The current injected into the DC bus is equal to the current flowing to the other buses $n-1$ in the DC network, expressed as follows:

$$I_{i,\mathrm{dc}}={\displaystyle \underset{j\ne i}{\sum _{j=1}}{Y}_{ij,\mathrm{dc}}\cdot \left(U_{i,\mathrm{dc}}-U_{j,\mathrm{dc}}\right)}$$

(19)

where the line admittance between the DC bus $i$ and the line $j$ impedance is expressed as $Y_{ij,\mathrm{dc}}={\displaystyle \frac{1}{Z_{ij,\mathrm{dc}}}}$; and $U_{i,\mathrm{dc}}$ and $U_{j,\mathrm{dc}}$, respectively, are the bus voltage of the DC bus $i$ and $j$.

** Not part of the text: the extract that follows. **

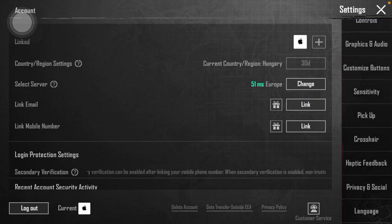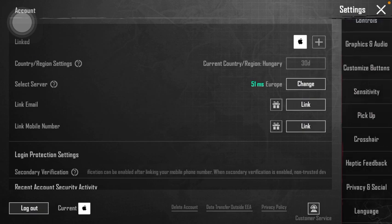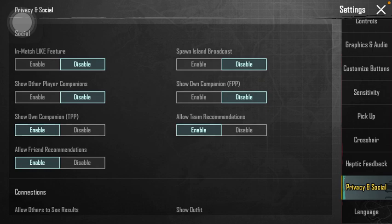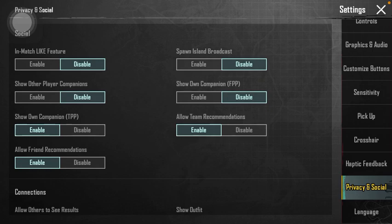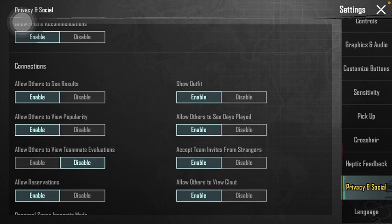Click on the privacy and social section in the left side column. Then scroll down to the connection section, and here you can see the second option is allow others to view popularity, which you can enable by tapping on the enable button. After that, simply quit this page since it will be updated automatically.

The active power injected by the DC bus is as follows:

$$P_{ij,\mathrm{dc}}=k{U}_{ij,\mathrm{dc}}{I}_{i,\mathrm{dc}}$$

(20)

where $k$ indicates the progression of the DC system.

3.3. Data–Physics-Fusion-Driven Linearization Model

3.3.1. Physical Linearization

First, we introduce the principle of linearization based on physical properties. According to the State Grid Company’s “Grid voltage quality Technical Specifications” (Q/GDW 114-2017) [22], the voltage qualification rate of the distribution network is the ratio of the voltage qualification time of the distribution network in a certain time and the total time, which is generally stipulated to be more than 95%.

It can be considered that under the normal operation of the distribution network, the voltage amplitude of each node of the power grid is close to the rated voltage. Based on this, the approximate principle for defining the voltage amplitude of the node is as follows:

$$U_{i-\phi }\approx 1.0 \mathrm{p}.\mathrm{u}.$$

(21)

where $\phi \in \left\{\mathrm{a},\mathrm{b},\mathrm{c}\right\}$ represents the phase sequence; and $\mathrm{p}.\mathrm{u}.$ represents the per unit value.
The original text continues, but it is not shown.